Composer Giancarlo Vulcano on 30 Rock Music & The Pursuit of Imperfection
BED-STUY, BROOKLYN: TV and film score composers will often talk about their musical scores as characters in the advancing plot. But it’s rare that audiences experience the score on that level – especially on television and maybe most of all, on television sitcoms. Unless, of course, you’re talking about 30 Rock.
30 Rock’s sophisticated jazz and musical theater-inspired soundtrack makes the show’s ridiculous that much more ridiculous and its heart that much more endearing. Since the first season in 2006, Brooklyn-based composer and guitarist Giancarlo Vulcano has worked on the music with 30 Rock composer and executive producer, Jeff Richmond.
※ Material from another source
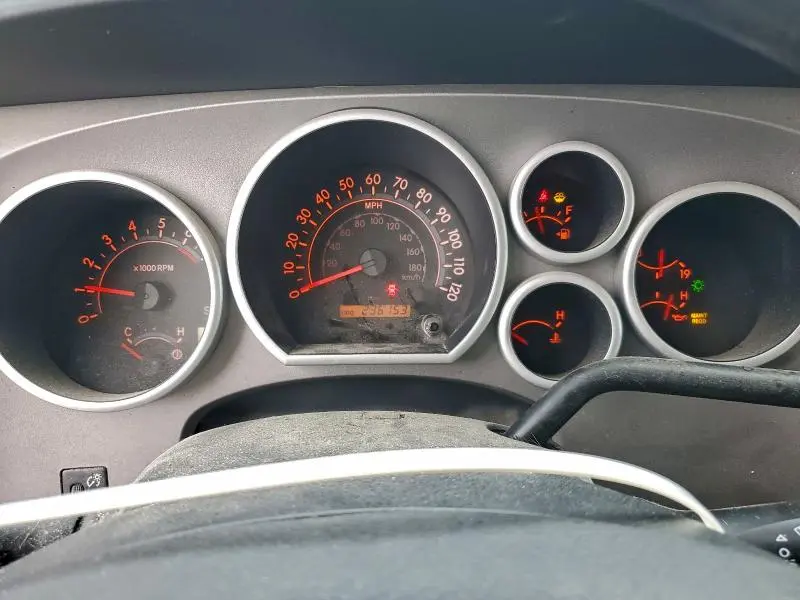 2011 TOYOTA TUNDRA DOUBLE CAB SR5  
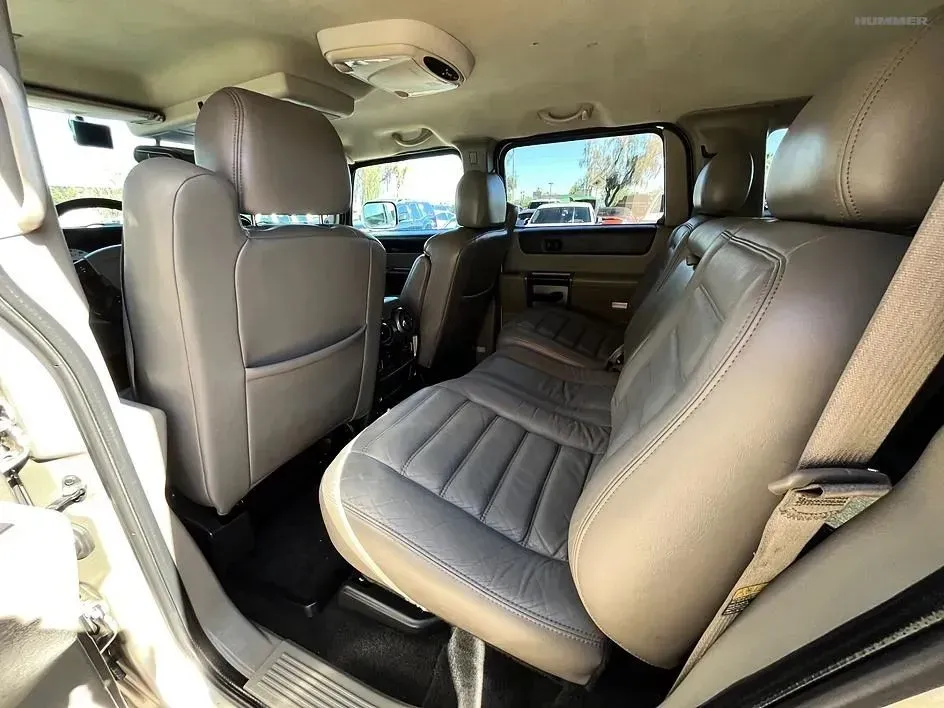 Hummer H2 photo 12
With Vulcano playing the guitar family of instruments, and Richmond on saxophone, clarinet and keyboards, the two create and perform most of each season’s music episode-by-episode, on a weekly basis, between their studios at home and at Silvercup in Long Island City.
Though by now they have an enormous library of 30 Rock cues, they write each score from scratch, very often the weekend before it airs. They mix it on a Tuesday or Wednesday and the episode airs on Thursday.
Heading into the seventh and final season, which premiers tonight, we spoke to Vulcano about his role on the show, the musical production process, his career path, and so many other interesting things!
Vulcano welcomed us into his compact Bed-Stuy home studio, which is as distilled and unassuming as the musician himself – equipped with just the select essentials: a Mac Pro running Logic, Universal Audio Apollo, Focusrite OctoPre and a single Soundelux microphone.
Tell us about your studio – and how it’s setup for your work on 30 Rock?
Well, we wanted to have the same main gear all over the city: for Jeff Richmond at his home studio, me at mine, our rigs at Silvercup, and even portably – we mix at another facility – Sync Sound on 56th Street. We’re always working on music, and no matter where we are, we have to be able to pull it up.
When the UA Apollo came out, I thought it looked like it might be more inspiring [than what we’d been working with] – the preamps are better, the plug-ins are great. So now we have the Apollos and we can just plug in the same headphones wherever we are, and we’re listening to the same thing.
Then, the way we work is basically Dropbox and it’s been very trouble-free and fantastic. You update your file, and it automatically updates on Dropbox. And with Logic you can color the regions so we can quickly refer to updates we’ve made to the files.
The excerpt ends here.